Tavia Gilbert does an amazing job with the audio capturing Frank, a 4th grader with a penchant for dressing like a member of the social elite in the 1930s, a lover of movies of that era, and a vocabulary and memory that would rival any adult. He has grown up isolated with his reclusive author mother in a Hollywood mansion. But when his mother Mimi falls victim to a Ponzi scheme, she needs assistance with the minutiae of daily living so she can write her second novel and get herself out of her dire financial situation. Enter Alice, the assistant of Mimi’s publisher, who is hired as a hybrid nanny/housekeeper/and babysitter (in some respects, to babysit Mimi as much as Frank).
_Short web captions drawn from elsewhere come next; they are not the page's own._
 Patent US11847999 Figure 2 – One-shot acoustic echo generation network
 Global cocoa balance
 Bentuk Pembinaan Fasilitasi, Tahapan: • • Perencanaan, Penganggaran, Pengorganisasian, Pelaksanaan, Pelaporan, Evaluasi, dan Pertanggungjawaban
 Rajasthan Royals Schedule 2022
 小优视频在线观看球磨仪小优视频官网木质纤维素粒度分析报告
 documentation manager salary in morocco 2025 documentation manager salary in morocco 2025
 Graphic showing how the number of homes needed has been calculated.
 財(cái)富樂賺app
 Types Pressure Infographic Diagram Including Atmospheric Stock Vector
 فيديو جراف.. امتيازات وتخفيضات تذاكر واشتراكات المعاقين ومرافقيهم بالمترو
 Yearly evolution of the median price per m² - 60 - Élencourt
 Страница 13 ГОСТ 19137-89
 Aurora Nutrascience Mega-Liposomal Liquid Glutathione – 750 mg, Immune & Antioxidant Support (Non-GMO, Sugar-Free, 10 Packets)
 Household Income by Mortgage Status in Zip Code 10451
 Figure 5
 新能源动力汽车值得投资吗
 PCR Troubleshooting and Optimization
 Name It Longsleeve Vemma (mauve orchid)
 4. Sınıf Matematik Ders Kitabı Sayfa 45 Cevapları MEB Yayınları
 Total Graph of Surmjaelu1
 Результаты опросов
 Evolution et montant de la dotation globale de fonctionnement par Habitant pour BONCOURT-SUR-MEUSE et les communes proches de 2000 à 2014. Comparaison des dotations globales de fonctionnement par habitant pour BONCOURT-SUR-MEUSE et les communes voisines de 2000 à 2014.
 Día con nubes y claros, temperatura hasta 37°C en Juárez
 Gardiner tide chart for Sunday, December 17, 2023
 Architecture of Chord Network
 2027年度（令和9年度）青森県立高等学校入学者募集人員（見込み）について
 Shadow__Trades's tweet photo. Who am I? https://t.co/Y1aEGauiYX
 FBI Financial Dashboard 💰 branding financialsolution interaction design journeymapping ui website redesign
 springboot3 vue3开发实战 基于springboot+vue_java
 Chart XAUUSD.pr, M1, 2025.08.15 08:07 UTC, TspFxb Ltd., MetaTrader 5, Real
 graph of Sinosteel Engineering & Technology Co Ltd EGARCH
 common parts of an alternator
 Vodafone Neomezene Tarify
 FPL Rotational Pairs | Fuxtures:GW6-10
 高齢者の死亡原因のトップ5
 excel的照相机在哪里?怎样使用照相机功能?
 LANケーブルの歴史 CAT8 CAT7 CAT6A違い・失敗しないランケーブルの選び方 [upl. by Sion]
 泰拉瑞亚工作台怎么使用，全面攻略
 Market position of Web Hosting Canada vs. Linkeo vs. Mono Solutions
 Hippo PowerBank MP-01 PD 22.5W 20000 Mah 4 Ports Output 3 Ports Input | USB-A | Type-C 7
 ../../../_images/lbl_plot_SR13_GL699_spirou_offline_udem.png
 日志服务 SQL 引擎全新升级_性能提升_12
It’s a weird dynamic, weirder when Zander (Xander?) the reliably unreliable handyman enters the picture. This is an absurdist book, I could see it as a convincing and plucky Wes Anderson movie, but for me the whole doesn’t add up to the sum of its parts. Frank is lonely and lovely and his interactions with other children is heartbreaking, but the other characters don’t add up. Particularly, Alice’s romantic interlude is out of left field for me, as she is the portrayed as the straight woman to this bizarre cast of characters. In addition, Mimi is relentlessly terrible and I never understand why Alice doesn’t stand up for herself a little better, her character definitely left me wanting.
If you are looking for an audiobook, I’d recommend this one, but not sure I’d recommend tucking into it in another format.